The National Cybersecurity Center of Excellence (NCCoE) at the National Institute of Standards and Technology (NIST) is releasing a new practice guide — NIST Special Publication 1800-24, Securing Picture Archiving and Communication System (PACS) — to help healthcare delivery organizations (HDOs) protect patient images and other pertinent medical data. Hyland Healthcare is one of the technology vendors who participated in developing this guide.
The NCCoE is a collaborative hub where industry organizations, government agencies and academic institutions work together to address businesses' most pressing cybersecurity challenges.
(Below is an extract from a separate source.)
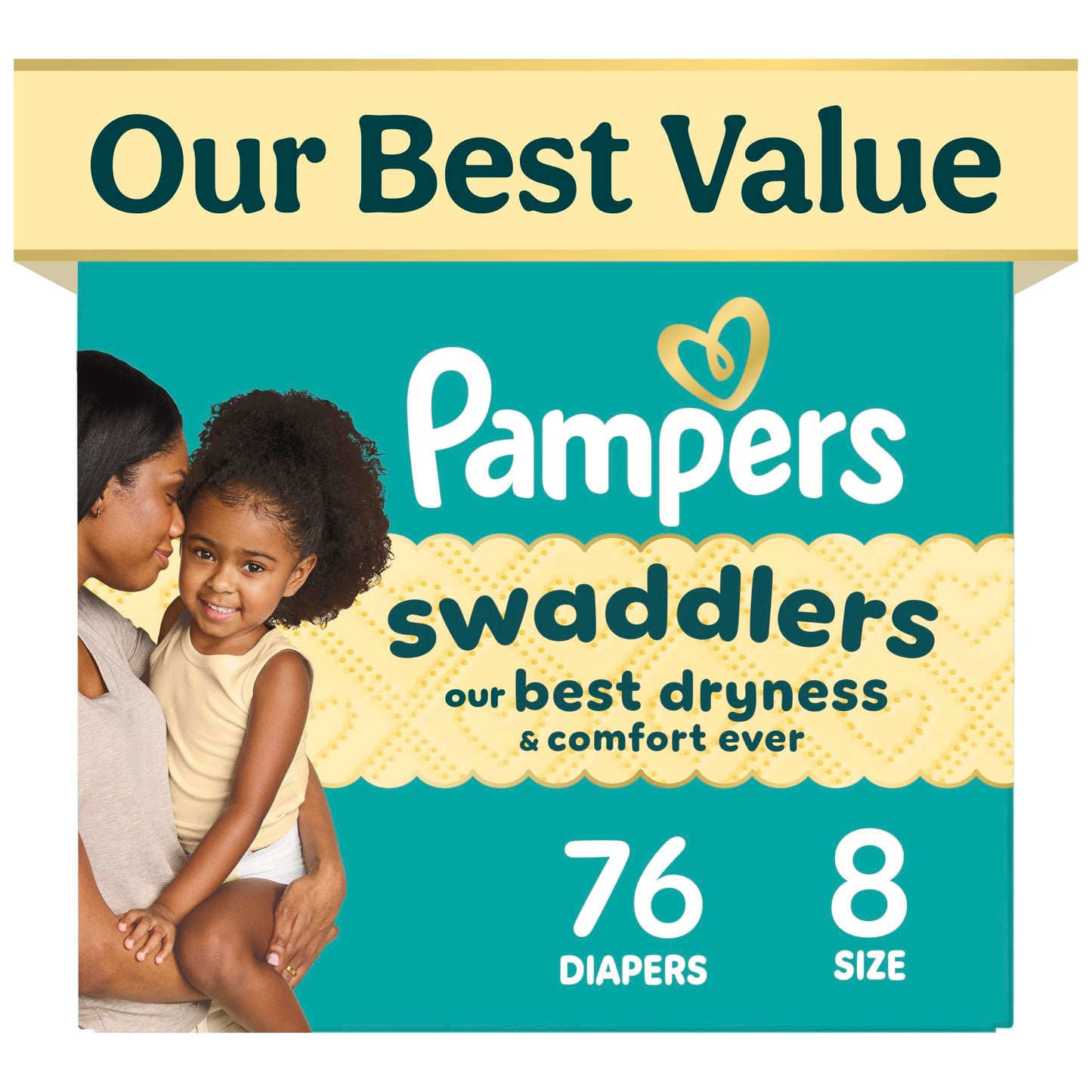 Pampers Swaddlers Diapers, Size 5 (20-37 lbs), 132 Count, Fragrance Free, Hypoallergenic, Absorbent, Pediatrician Recommended, Skin Safe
This practice guide represents the NCCoE's dedication to public interest and the critical cybersecurity matters within the healthcare sector.
This practice guide demonstrates how commercially available technologies, like Hyland Healthcare's Acuo, NilRead and PACSgear can be integrated within existing tools, to implement a secure enterprise imaging ecosystem in support of image acquisition, image management and advanced visualization.
"Hyland Healthcare is proud to lend expertise to this effective new guide where we demonstrate the power of connected healthcare solutions to meet the complexity and risk associated with rapidly proliferating medical imaging content," said Sandra Lillie, global director, enterprise imaging sales and strategy at Hyland.
The project assesses risk for five scenarios and documents consideration of threats, vulnerabilities, likelihoods and impacts on medical imaging operations under these scenarios. The system for this project is broadly identified as the PACS, though, practically, it incorporates a set of processes and other systems that make up a medical imaging ecosystem. Hyland included the viewer workstations that interact with the medical imaging ecosystem, VNA applications, and the clinical systems that interface with modalities and the PACS environment.
The guide can be used by any organization that is deploying PACS and medical imaging systems, and that is willing to perform its own risk assessment and implement controls based on its risk posture. Both standards and best practices were used to develop two reference designs leveraging commercially available technologies. The guide also maps capabilities to NIST guidance and control families, including the NIST Cybersecurity Framework.
To complete this guide, the NCCoE also collaborated with other technology vendors, including Cisco, Clearwater Compliance, Digicert, Forescout, Philips, Symantec, TDI Technologies, Tempered Networks, Tripwire, Virta Labs and Zingbox.
"Collaborating with stakeholders such as members of industry, technology providers, and integrators to produce viable cybersecurity solutions is key to the NCCoE's success. The Securing Picture Archiving and Communication System Practice Guide can help organizations reduce their risk around medical imaging and is another successful example of how stakeholders engage with the NCCoE to produce solutions to real-world problems."
The NCCoE believes the guide helps meet a critical cybersecurity and economic need, but would also like feedback from users to enhance it. To share your thoughts on this step-by-step guide, download the draft guide and provide your feedback on the NCCoE comment page. The public comment period closes on November 18, 2019.
*While the example implementation uses certain products, NIST and the NCCoE do not endorse these products. The guide presents the characteristics and capabilities of those products, which an organization's security experts can use to identify similar standards-based products that will fit within with their organization's existing tools and infrastructure.